I had an "incident" this past weekend that could have been fatal, but thankfully wasn't.

My wife & I were staying at a fire tower up near the Canadian border for the weekend. We took all of our guns with us to get in some range practice.
We were almost finished shooting and I had some ammo left for the .38. We decided to shoot it off and get in some more target practice with the Model 14.

While we were shooting we had some reloads malfunction (to use the term loosely).
I was using a box of reloads that I friend had built.
For the record, he has been reloading for nearly 30 years.
I unknowingly had 4 casings split on me while ranging in my Model 14. One bullet is now jammed in the barrel after slamming into another that apparently was jammed in the barrel from the shot before.
I had only fired 23 rounds prior to the malfunction. #24 & #25 was the end of the shooting day for my wife & I, needless to say.

2 shots involved here. I will try to keep them straight.
It seems that the "1st" shot casing split and only pushed the bullet partially thru the barrel. My wife & I never noticed the malfunction. The "1st" shot felt and sounded normal (BANG), no difference from all the others, same sound level & standard recoil. The "2nd" shot darned near took of my hands. It made a "BOOM" much louder than my .357 and the recoil was worse than anything I have ever experienced.
The "1st" bullet popped out as if in slow motion. My wife and I actually saw it bounce off the target and back toward us. Her face was nearly white and she asked me what just happened, as if she thought we should be dead or something.
I told her that I thought the gun had just "BLOWN UP".
I put it down to make sure it was safe and a few minutes later picked it up and checked out what had happened. I opened the cylinder, popped out the casings then looked at the barrel. I was shocked to see the bullet in the end of the barrel.
I picked up all of the casings and discovered that 2 of them were cracked, nearly from top to bottom. I then started scouring the ground for what had "popped out". I thought it was the bullet from the shot before and it had been pushed out of the barrel from the last shot. Well I guess I was right. I actually managed to recover the "1st" bullet after about a 1/2 hour of looking. It is shown in the pics. It appears that it had mushroomed from the impact as it left the barrel.

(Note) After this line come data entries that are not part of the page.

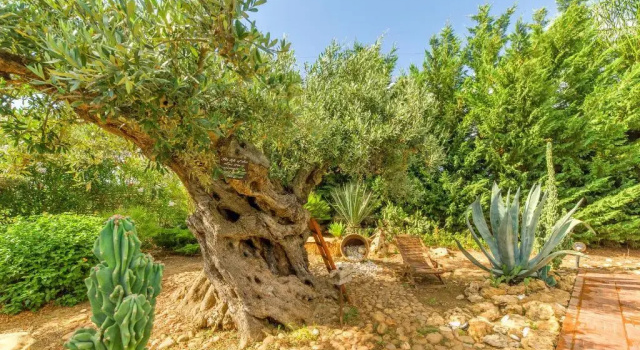 Villa Blandina, Réserver Villa Menfi Sicile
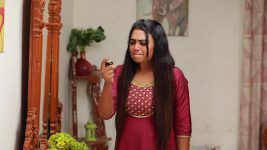Bharathi Kannamma S01E931 Venba's Suicide Attempt Full Episode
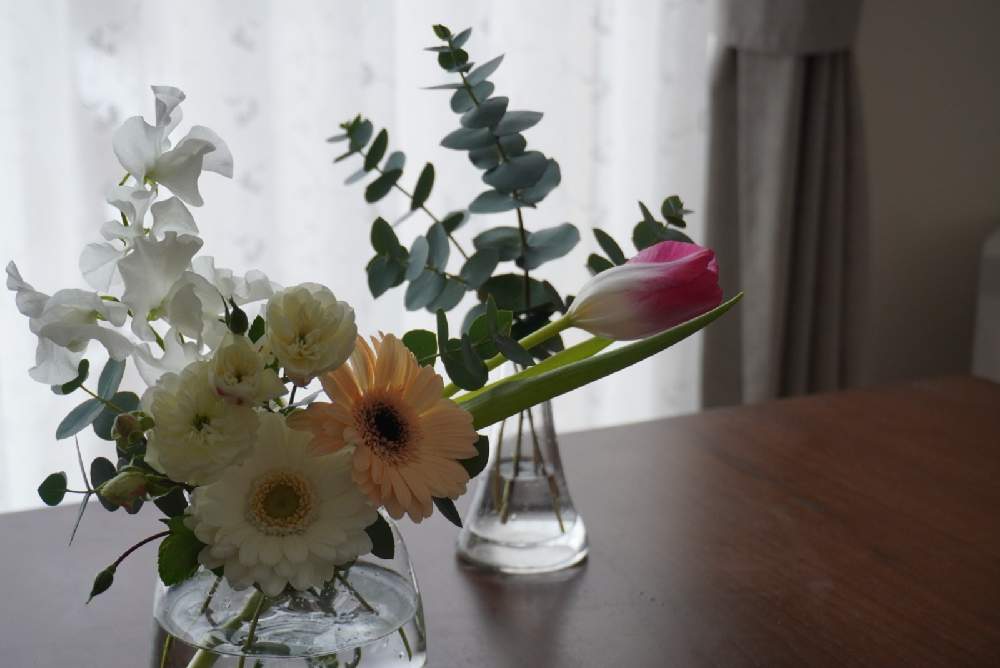 ガーベラの投稿画像 By Mami さん スイートピーとチューリップとバラと花瓶とおばちゃんの花記録と花のある暮らしと北海道とうちの花と切り花と切り花アレンジと花を飾る 月12月18日 Greensnap グリーンスナップ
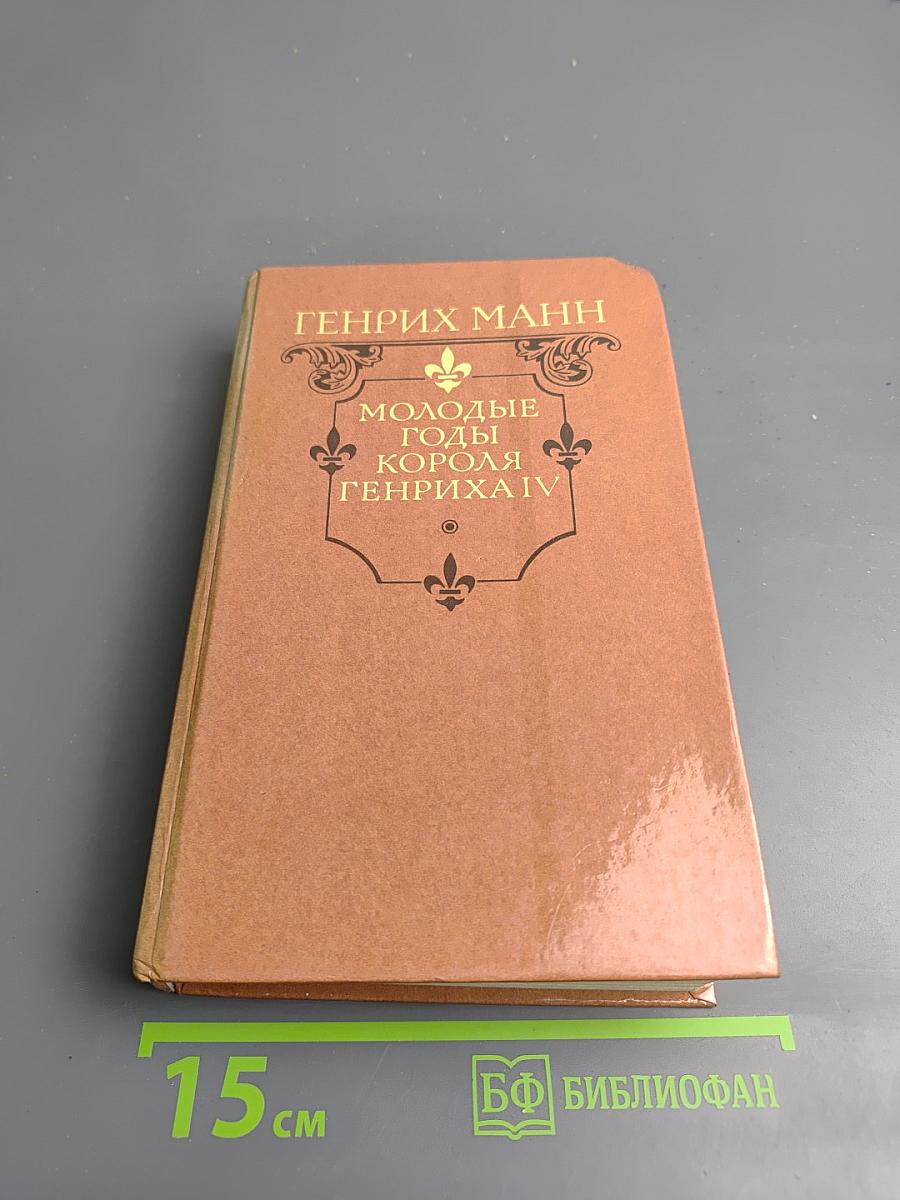 Молодые годы короля Генриха IV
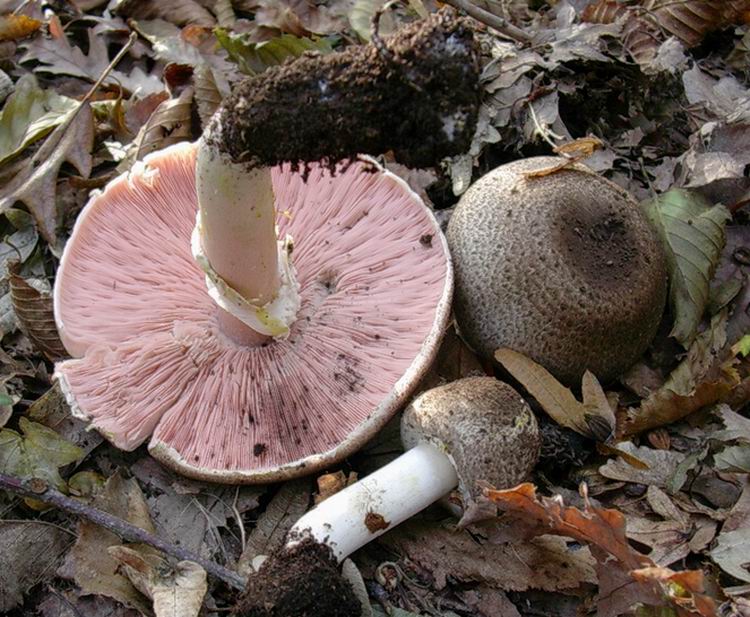 ...funghi da determinare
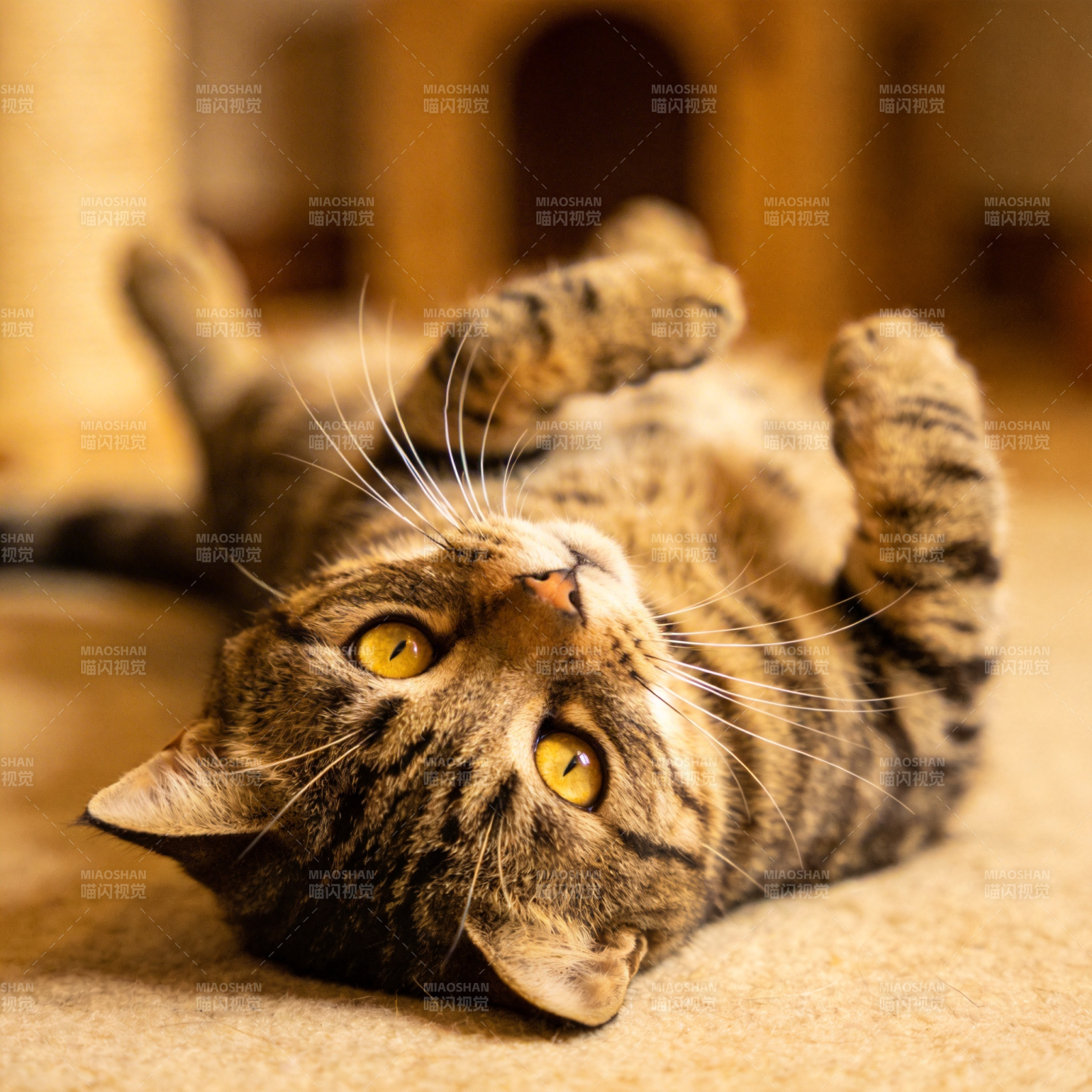 猫咪仰卧萌态图片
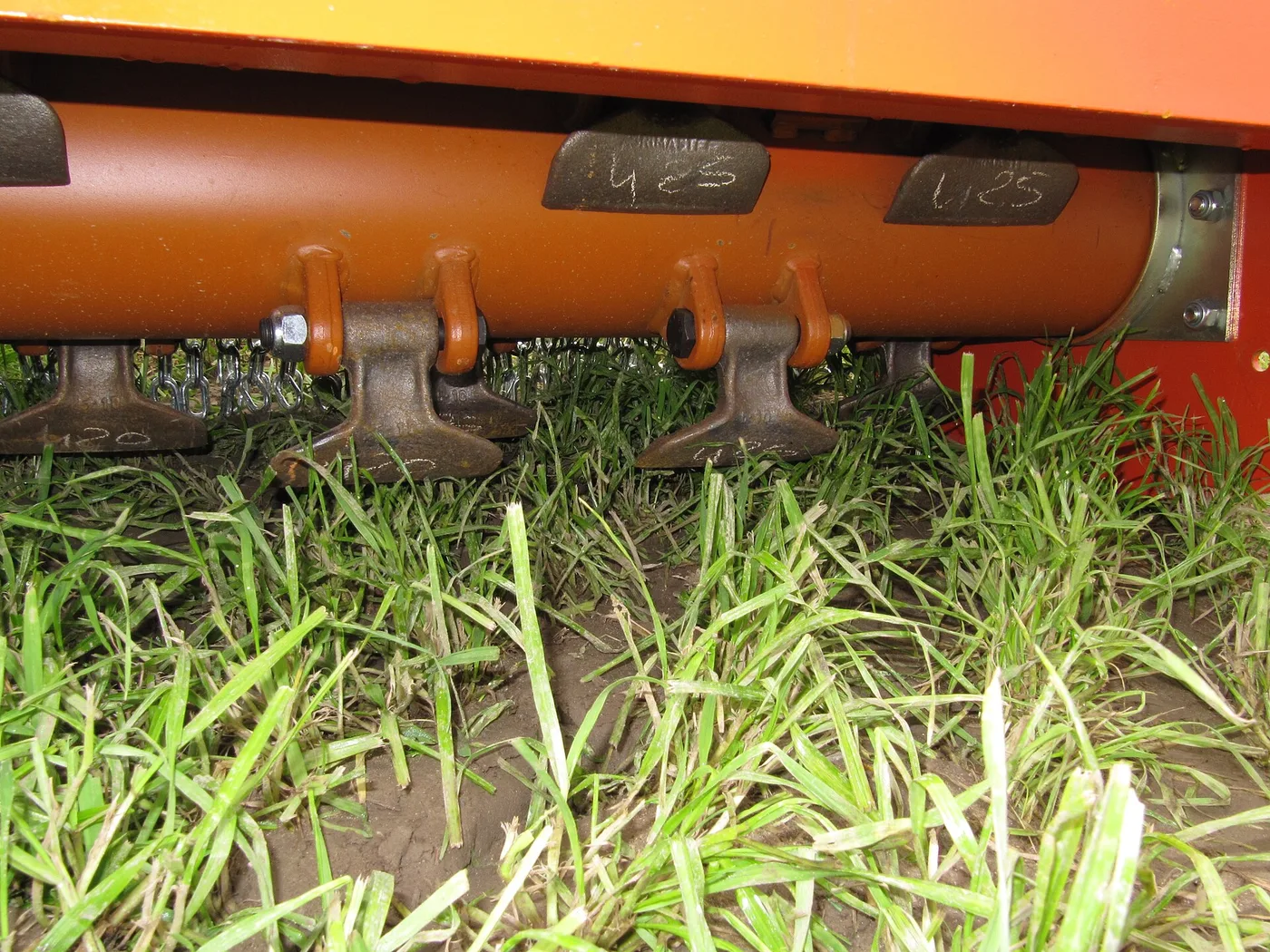 Rotor de broyeur à fléaux vu de dessous, fléaux articulés sur leurs chapes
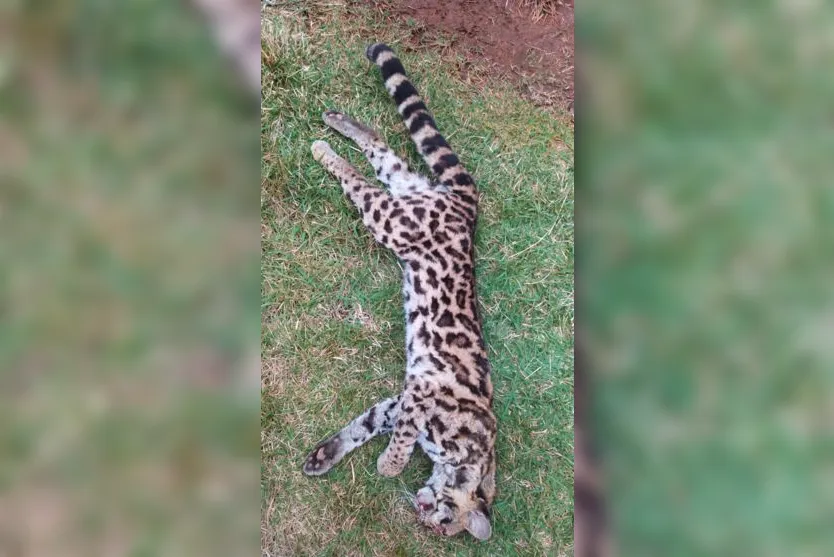 Onça é encontrada atropelada no Contorno Norte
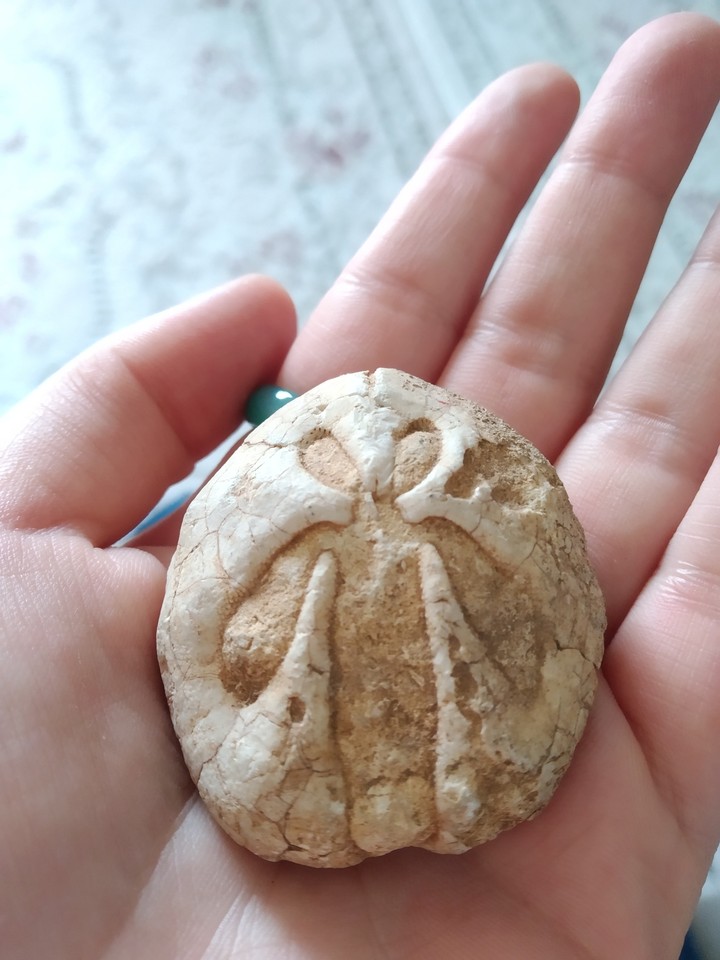 fossil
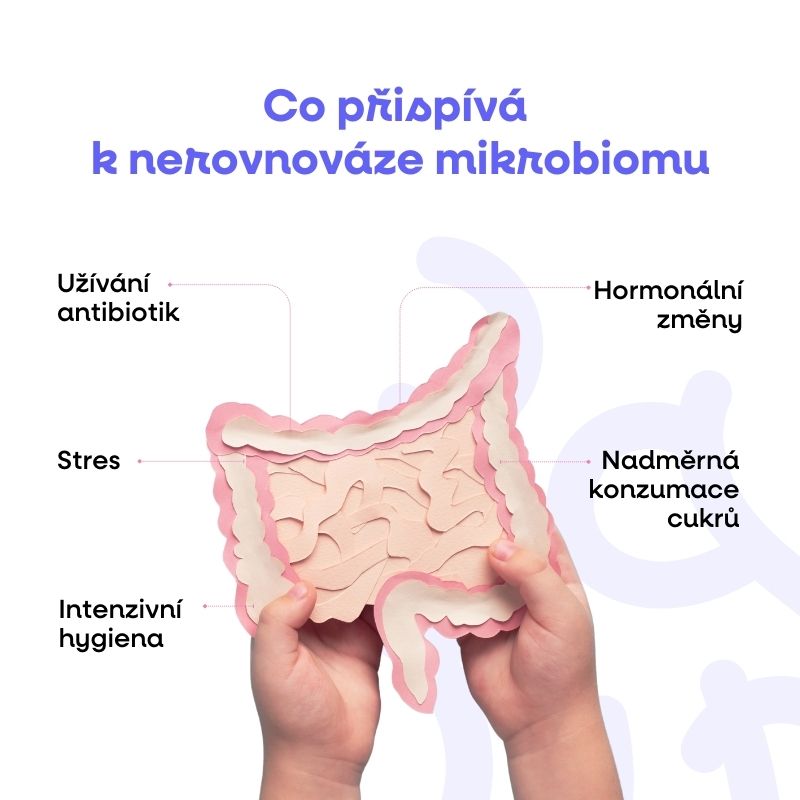 Co přispívá k nerovnováze mikrobiomu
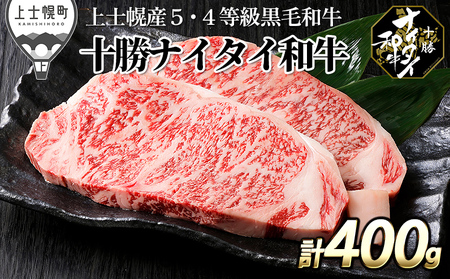 十勝ナイタイ和牛 サーロインステーキ 計400g（200g×2枚） 北海道産 5・4等級黒毛和牛 オレイン酸含有率55%以上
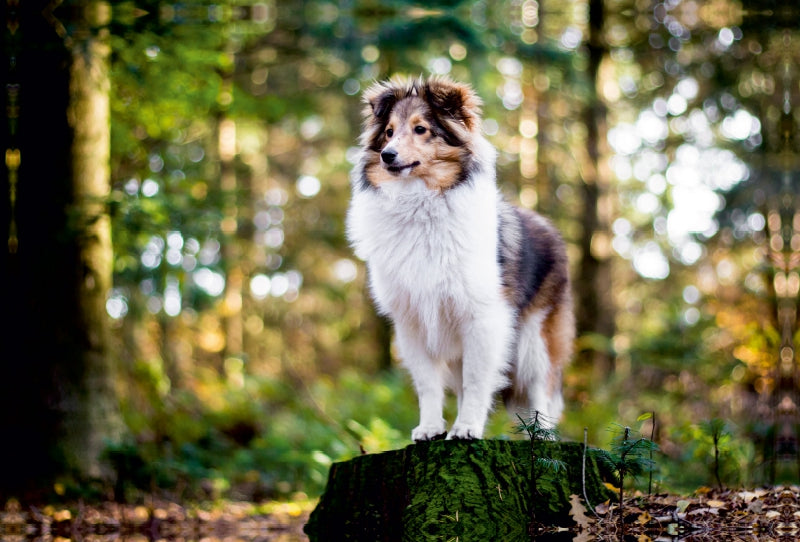 Premium Textil-Leinwand Premium Textil-Leinwand 120 cm x 80 cm quer Sheltie Bailey im verwunschenen Wald.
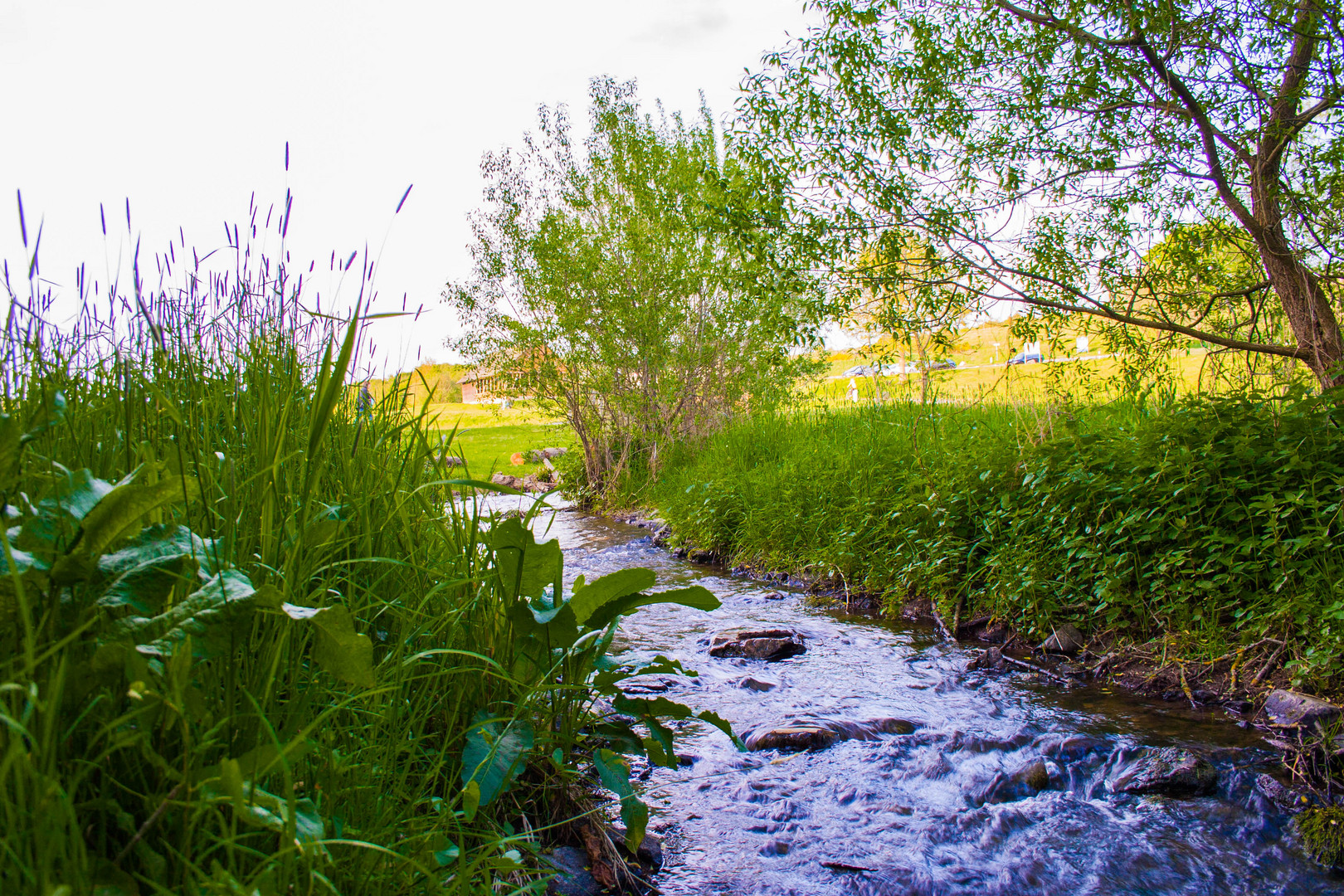 Bachlauf Foto & Bild landschaft, bach, fluss & see, bachläufe Bilder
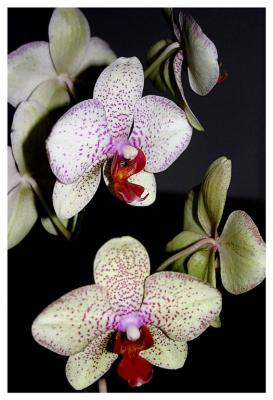 u14/susa3/medium/38696395.orchide0504Large.jpg
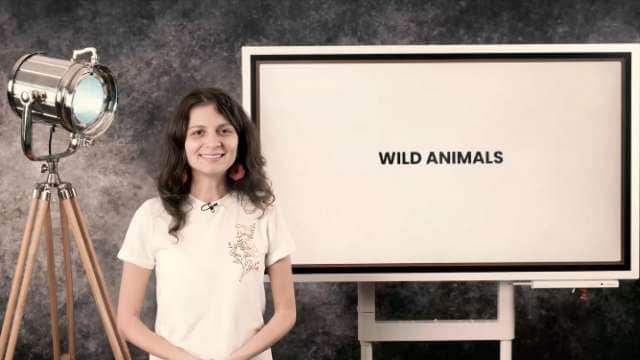 Wild animals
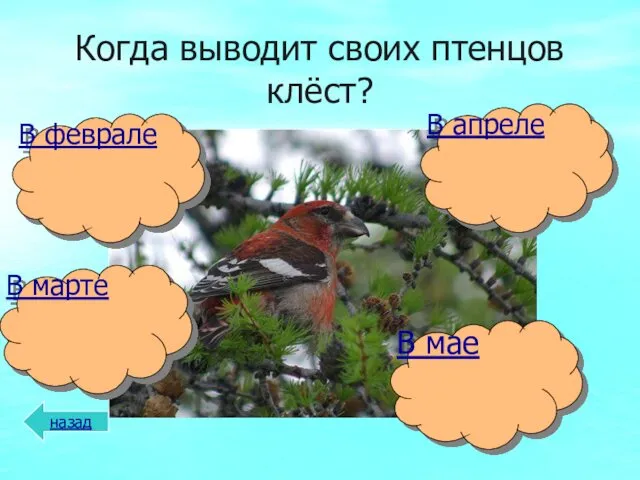 Когда выводит своих птенцов клёст? назад В мае В марте В апреле В феврале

The "2nd" bullet jammed in the barrel and my Model 14 is now useless, and pics will show that too.
Look at the reflections between the jammed bullet and the ejector pin. You can see the curves in the reflections showing the small bulge in the barrel.



When we got back to our room I searched thru all of my brass and discovered that 4 casings had been split.
I am taking my Model 14 to the gunsmith this week to see if there is any damage the to rest of the revolver, and see if it can be salvaged by just replacing the barrel. I don't know if the frame or cylinder were damaged in the back blast. He will know for sure. I will let you know later.
The end of the story is I will never fire anything but factory loads from now on. I guess that the standard 30-30 is okay by me.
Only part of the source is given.